Apenas tenía 16 años cuando lo detuvieron por robar  para ir a comprar más droga. Él estaba en prisión y su madre falleció de cáncer. Sus últimos recuerdos fueron de una mujer llorando y  pidiéndole que deje el vicio. Fue un golpe duro, dice.  
En ese entonces conoció, ahora sí, a un verdadero amigo: Pablo Cornejo, abogado y político mantense.
Él lo sacó de la cárcel, así como quien le hace un favor a un desconocido, y Juan Carlos le agradeció lavando el carro cada vez que  podía, casi siempre, porque siempre podía.    
Apenas salió de prisión acudió al cementerio y prometió en la tumba de su madre que dejaría el vicio. Fue entonces cuando murió el adicto y nació el abogado.   
 
Un hombre de Dios. Son las 12 del día, centro de Manta. De frente, el Palacio de Justicia. Abajo, en la plaza, un hombre que en unos años planea estar allí debatiendo leyes, pero que ahora lleva betún en el rostro, jeans sucios y zapatillas gastadas. 
“Hay momentos en que uno tiene que elegir entre  las drogas o la superación”, dice Juan Carlos sentado en el banquillo, lustrando una zapatilla, serio, muy serio, casi con tono de predicador. “Si seguía en el vicio solo me esperaban tres cosas: la cárcel, el hospital o el cementerio, y eso nadie lo quiere. Dios no quiere eso para nadie”, agrega con la mirada fija, predicando como evangélico. Él es evangélico.     
Juan Carlos está en cuarto semestre de leyes y estudia en la universidad Eloy Alfaro. Quiere ser abogado, como su amigo Pablo Cornejo. Y quiere ayudar a los que están pasando por lo que vivió él, el consumo de droga. 
“Tienen que dedicar su tiempo al estudio y el trabajo, eso es todo, estudio y trabajo”, recomienda.  
-¿Y en qué etapa de tu vida te funcionó eso? 
-No lo recuerdo bien -dice, y realmente no sabe y se pone a pensar. 
Historias pasan por su cara. Levanta la mirada, arruga la frente. Entonces dice que tal vez todo empezó a funcionar desde que su madre murió, porque en ese tiempo también conoció al abogado. Sí, ahí fue cuando le funcionó, porque en ese mismo tiempo perdió a una madre y ganó a un padre, dice. 

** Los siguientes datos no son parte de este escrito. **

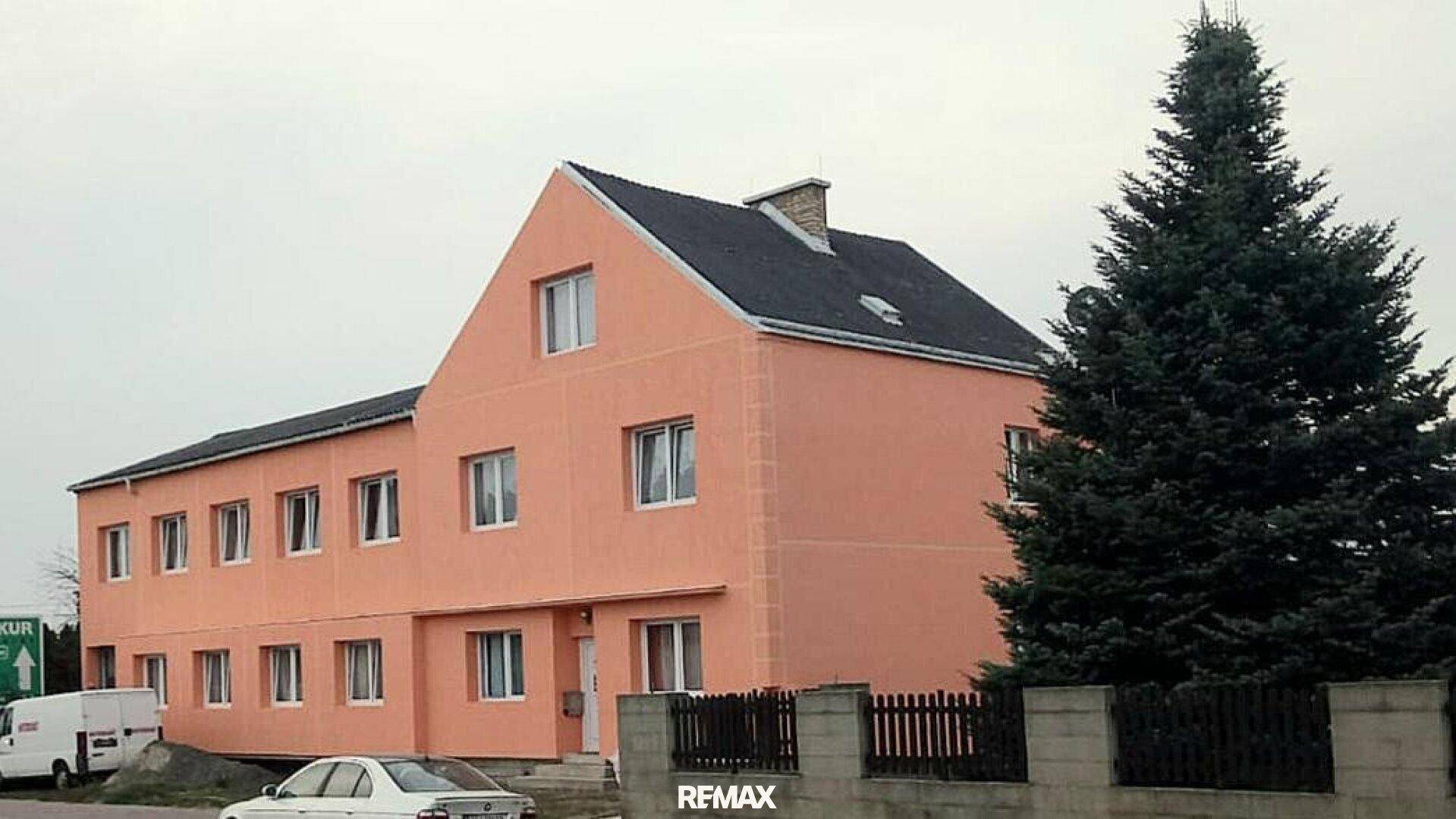 Mehrstöckiges Wohngebäude mit auffälliger orangefarbener Fassade und klassischem Satteldach.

Al abogado lo quería como a un padre. Por eso el año pasado, cuando murió debido a un cáncer, Juan Carlos lo lloró por días. Y se  vistió de gala, caminó junto al ataúd hasta el cementerio. Se tomó una foto para el recuerdo y la muestra  para enseñar cómo se ve cuando va a la universidad. Así, igualito, pantalón de tela, camisa manga larga.  
Juan Carlos está orgulloso de su empleo de betunero. Con eso compró un terreno y luego construyó una casa. 
Ahora va por más, dice,  quiere tener su título y para eso se esfuerza. Para eso se levanta  a las siete y limpia  hasta 60 zapatos por día. Luego va a su casa a cambiarse de ropa para ir a estudiar. Es por eso que más tarde, en dos horas, las  manchas negras desaparecerán de su rostro, el jean sucio será  cambiado por un pantalón de tela, y en vez de  zapatillas gastadas usará un par de zapatos causales, eso sí, bien lustrados. 
Un futuro abogado no puede ir con zapatos sucios, más aún si es betunero.